With caching on (call your web host tech support line to find out how) the server turned on, all the things that don’t change on most websites will be stored in the browser’s temporary memory and display almost instantly on subsequent visits, giving visitors something to look at while dynamic content is loaded.
#3. Choose Your Platform Wisely
A website is a website except when it’s poorly constructed. We’re going to go out on a limb here and recommend you consider how to create a website properly from the beginning using the most massively popular content management system (CMS) in the galaxy, WordPress.
Contrary to some conventional wisdom, WordPress does not yield an inherently slow product. In truth, these sites can be real speed demons when the owner tends to some basic guidelines.
There are 21 ways to speed up WordPress and if you follow all of them your website will have no speed related issues.
#4. Zip it Up, ALL the Way Up
You’ve already optimized images and now we’re asking you to compress your entire website into one nice, neat little bundle that will zip across the line between server and browser?
How much difference can that make? Check out this quick read on how the Gzip file format can reduce your website’s overall size by as much 50-90%! This is another server setting, so get those guys or gals from your hosting tech support department on the line again.
#5. Tricks With JavaScript
Bet you never thought you could use an old print newspaper trick to make your site load faster. The phrase to know is “below the fold.”
When you take a look at the daily fish wrap whilst waiting in line at the grocery store checkout counter, what do you see?

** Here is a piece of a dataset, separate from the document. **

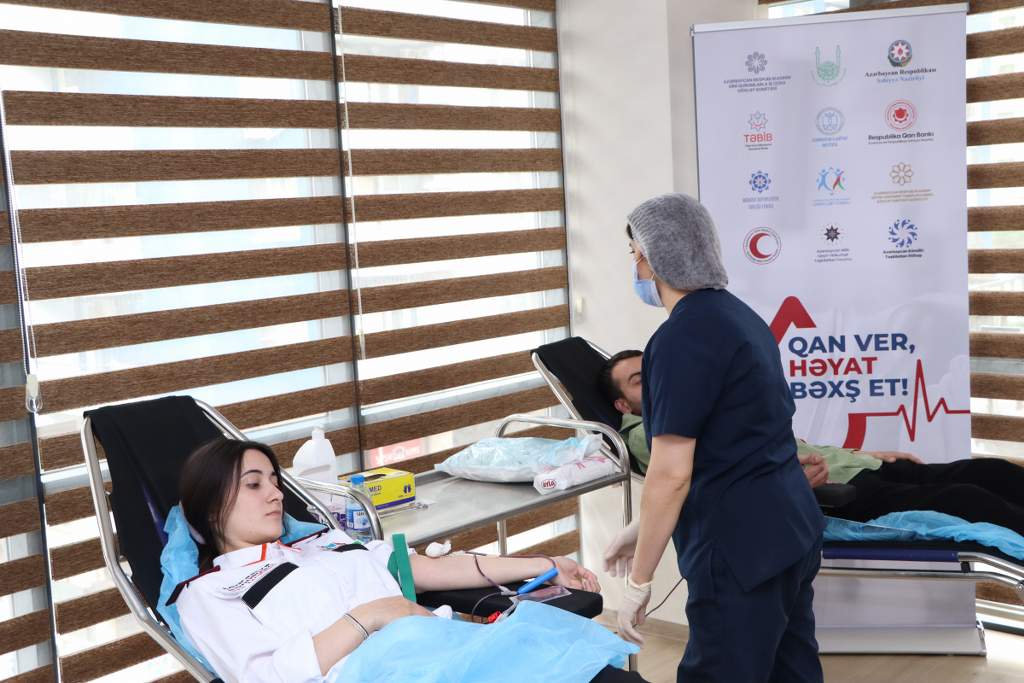 Aşura günü ilə əlaqədar qanvermə aksiyası keçirilib - Image 2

The most important news is visible at a glance, with the lesser events out of sight where the paper is folded in half.
The trick is to position your JavaScript at the end of your HTML or CSS documents. Since code loads sequentially, and JavaScript tends to bog a browser down, this strategy lets other visual or content-related elements to load first, giving the visitor something to look at while the JavaScript huffs and puffs to catch up.

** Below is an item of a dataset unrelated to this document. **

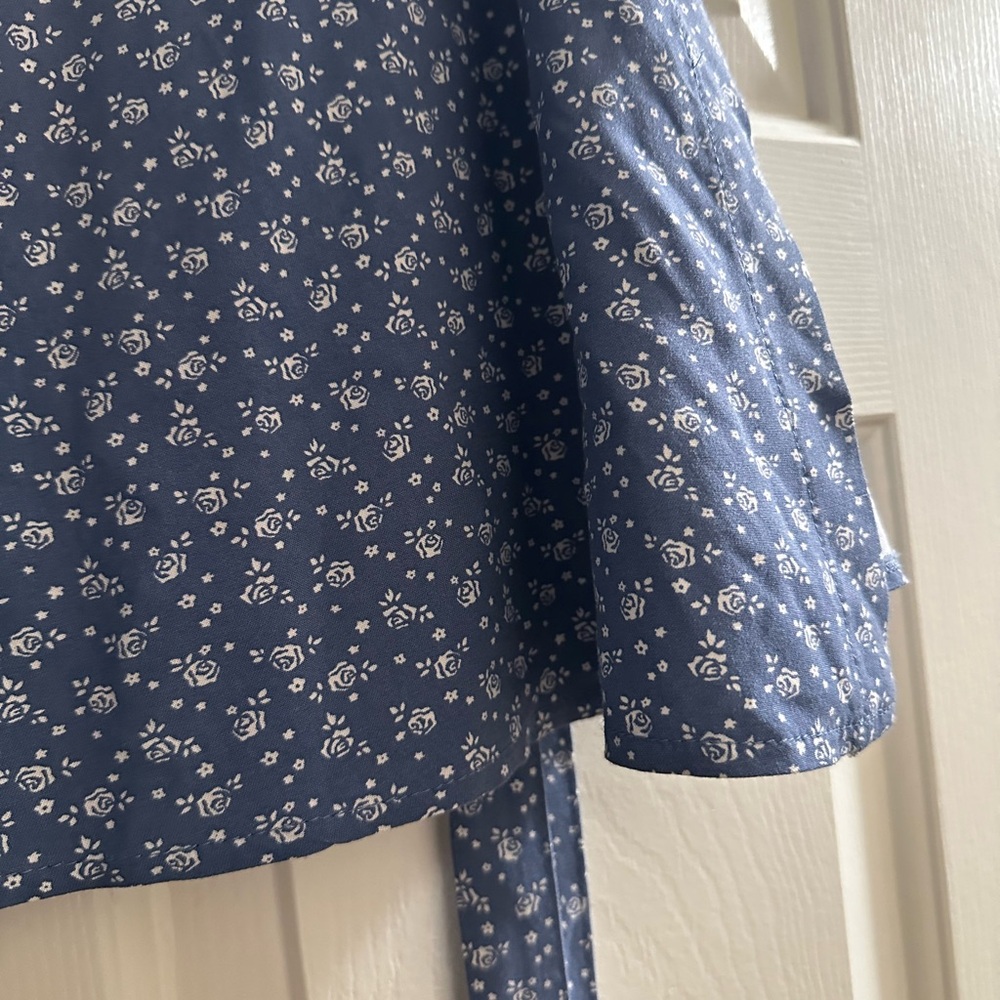 Brandy Melville Navy Floral Mini Skirt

A bonus JavaScript trick is to enable asynchronous page loading, which tells the browser it’s okay to forget the “one thing at a time” approach (synchronous) and allow the body code to start loading at the same time as the head code, where scripts and other dynamic stuff is often located.
Conclusion
As internet users demand ever richer and more interactive online experiences, the associated file sizes will only increase while attention span continues to decrease.
A page that took six seconds to load would lose 40% of visitors in 2010. Today that number has swelled to 50%. Yep, we’re getting less patient as a species.
When considering the preceding, a website owner’s battle to keep page loading time from affecting traffic negatively will never be complete.
The good news is that time-tested and not terribly difficult solutions continue to be the best way for an online entrepreneur to make sure a slow website experience doesn’t have potential customers clicking away (and over to a competitor) out of boredom.